Up <制度・規則>としての学校 : 要旨 作成: 2021-07-03
更新: 2021-07-03


    子どもが学校に通うのは,学校に通うことになっているからである。
    その学校は,何かを教えてもらうために行くところではなく,行く意味の問いを封じて行くところである。
    その学校がそういうところであるのは,その学校は<制度・規則>だからである。

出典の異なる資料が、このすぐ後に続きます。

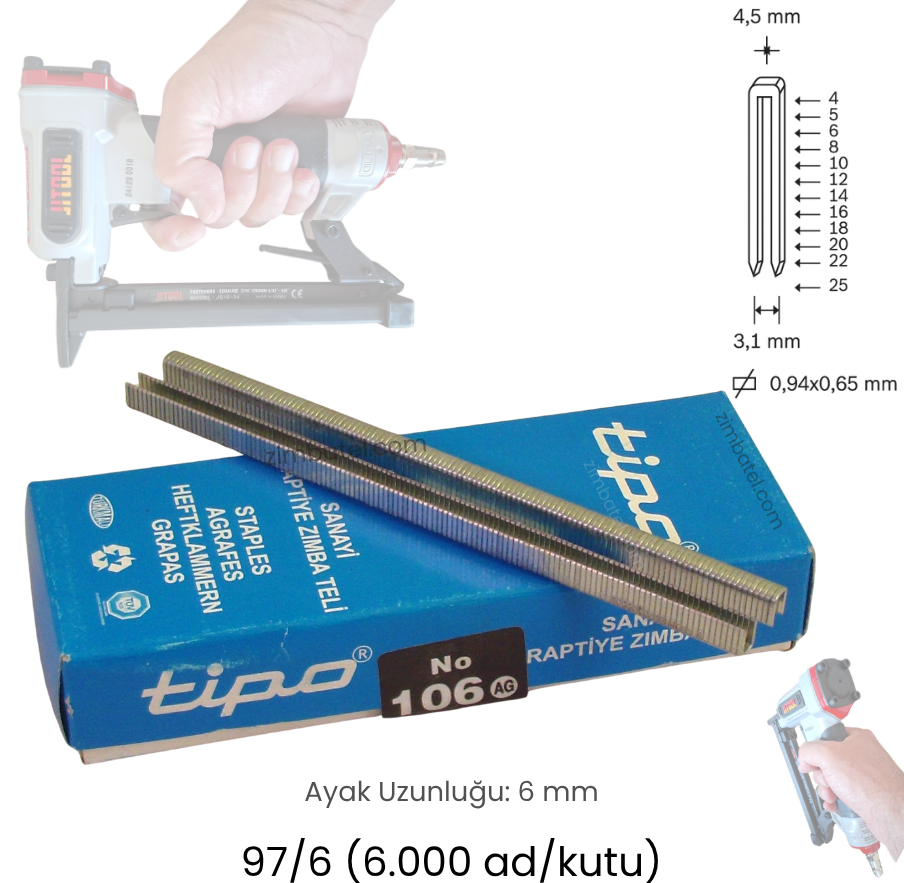 チビ〜 106 ( 93/6, 97/6 ) 6mm TİPO ZIMBA TELİ (6.000 ad.) Avrupa Galvaniz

    制度・規則は,問いを立ててはならないものである。
    問いを立てると壊れるからである。

    実際,その学校は,何かを教えてくれるところでもない。
    教員は,教えるものを持っており且つ教える能力があるから教員なのではない。
    ひとは,教えるものを持っており且つ教える能力がある者ではない。
    教員も,同じ<ひと>である──超人ではない。

    ひとの阿呆は,そのまま教員の阿呆である。
    若者の阿呆さ加減はどうしようもないものであるが,これはそっくり若い教員のものである。
    ひとはいろいろな経験を積んで,だんだんと少しはましなものへと成長する。
    教員も,同じ。

    阿呆が教員を務められるのは,学校が<制度・規則>だからである。
    そしてこの一事は万事である。
    ひとは,出来ることを行うのでなく,役を行うのである。

    能力が無いのに役を行うのは,不安である。
    この不安を鎮めるのが,<制度・規則>なのである。


    自由は,<制度・規則>としての学校を不自由とする。
    自由は,<制度・規則>としての学校を,「牢獄」に喩えてきた。
    しかし,<制度・規則>としての学校は,自壊の兆候が見られるようになっている。

    <制度・規則>としての学校は,虚構の学校である。
    ひとがこの虚構を有り難がるのは,学歴が目的だからである。
    しかし社会は,学歴があまり物を言わない社会へと変わって行く。

    併せて,ネット時代ならではの実質的な教育的情報発信が溢れる中で,<制度・規則>としての学校はその虚構が暴露される一方になる。
    <制度・規則>としての学校も,ネット時代に己を合わせることをしてみるのだが,しかしこれが,虚構を引いて残る実質の貧弱を暴露してしまうことにしかならない。